Sound and comprehensive architectures are needed for services engineering in Internet Telephony.

Specifications are emerging as part of H. 323 and SIP. Alternatives to these specifications are also being researched. This chapter is based on appendices A and B. It provides a critical overview of the emerging specifications and the alternatives that are being researched. It also motivates the use of mobile agents as the pillars of a novel architecture. I start by the requirements. The emerging specifications and the alternatives are successively reviewed after that. The last section motivates the use of mobile agents.

2.1 Proposed Requirements

The requirements are listed below. Appendix A gives more details.
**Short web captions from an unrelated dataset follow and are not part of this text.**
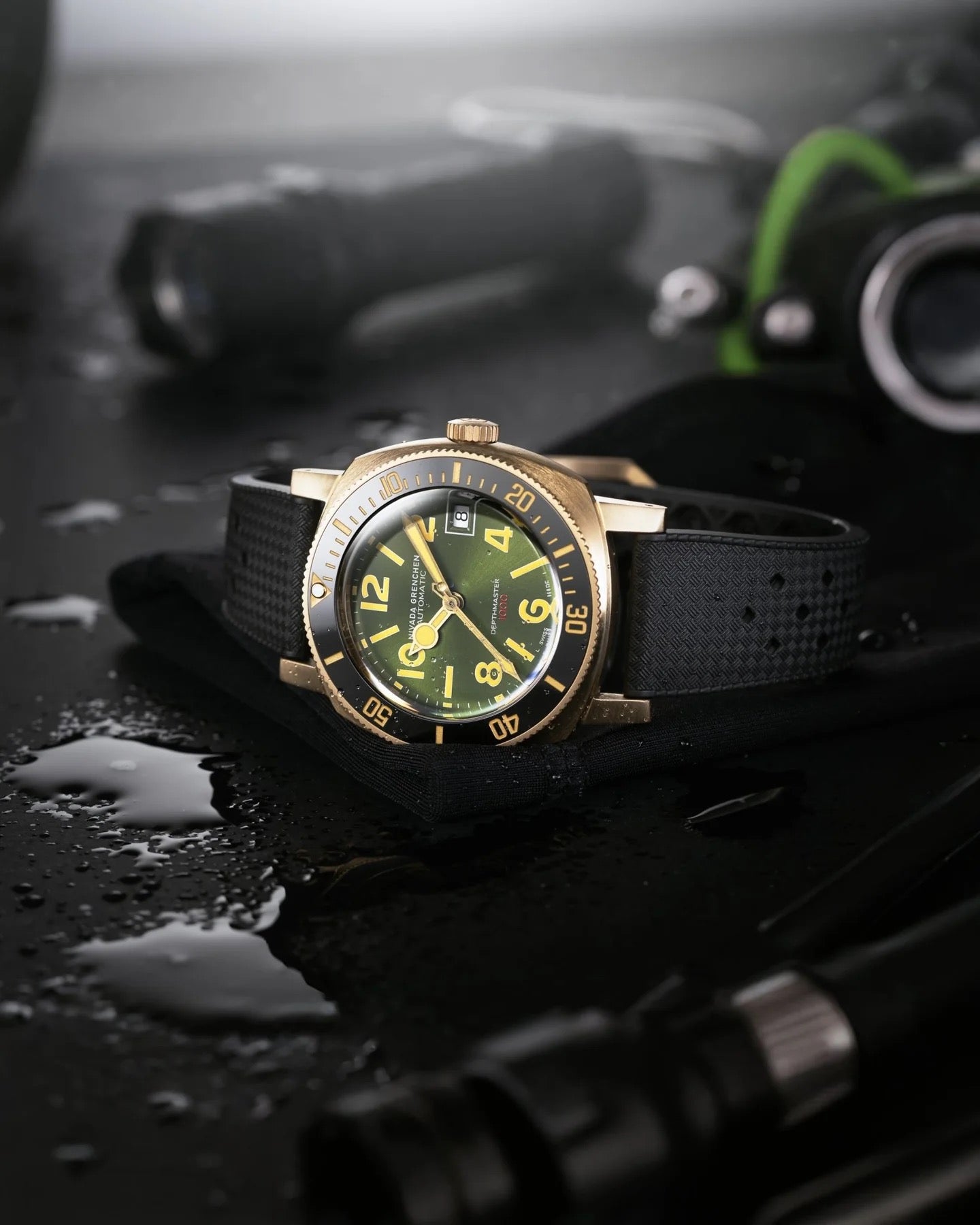 NIVADA GRENCHEN : DEPTHMASTER BRONZE GREEN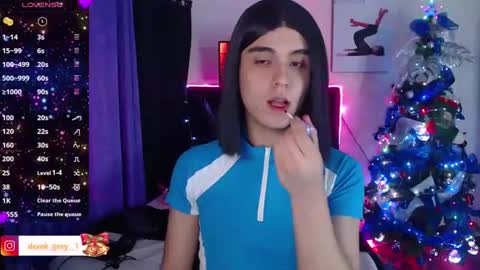 Derek independent online show from January 1, 2025, 10:32 am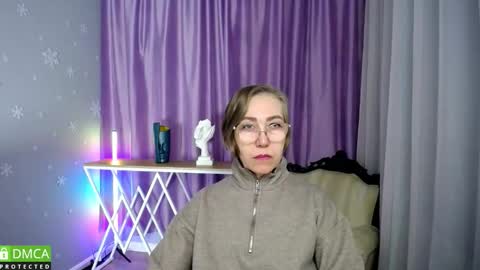Snapshot of _greybunny_ chatting on October 21, 2025, 10:05 am _greybunny_ online show from October 21, 2025, 10:05 am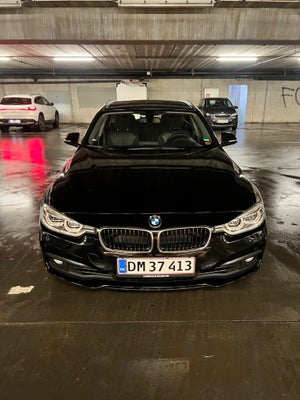 BMW 330i 2,0 Touring aut. 5d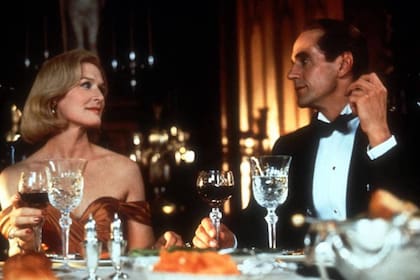 Glen Close y Jeremy Irons interpretan a Sunny y Claus von Bülow en la película Reversal of fortune (Mi secreto me condena), de 1990
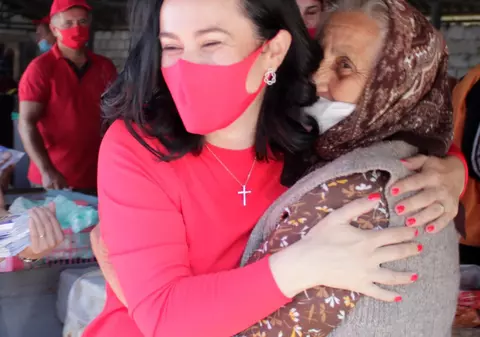 Simona Bucura Oprescu, deputat PSD, diagnosticată cu COVID-19: “Protejaţi-vă cât mai bine pentru siguranţa voastră şi a celor din jur”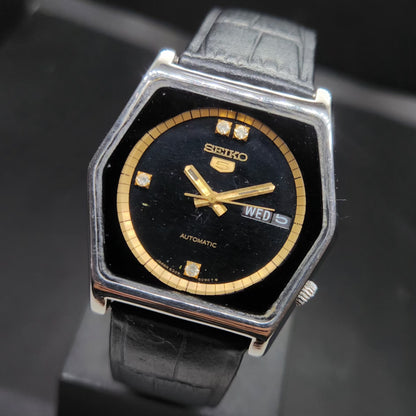 Vintage 1982 Original Seiko 5 Automatic 6309-5630 Black Face 17 Jewels Day-Date Japanese Men's Wrist Watch VS70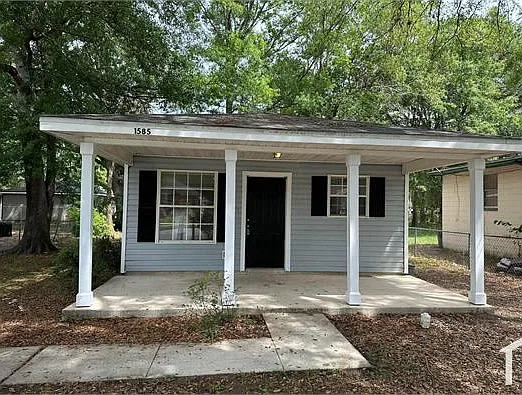 2 bed, 860 sqft, $1,200 — Photo 2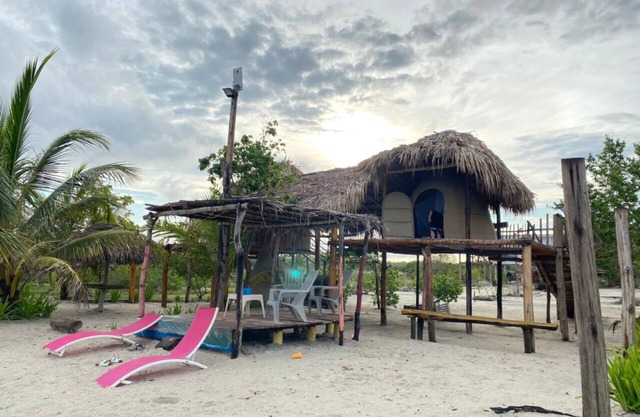 Glamping in front of the sea live the experience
1. Support of a wide range of services 2. Rapid service creation and deployment 3. Tailored services

4. Independent evolution of network and service infrastructures 5. Support for multi players environment

6. Service manageability 7. Universal access

8. Inter-working with other advanced service architectures

2.2 Emerging ITU-T and IETF Specifications

H. 323 and SIP service architectures are introduced. A critical evaluation is provided after that. Appendix A gives more details.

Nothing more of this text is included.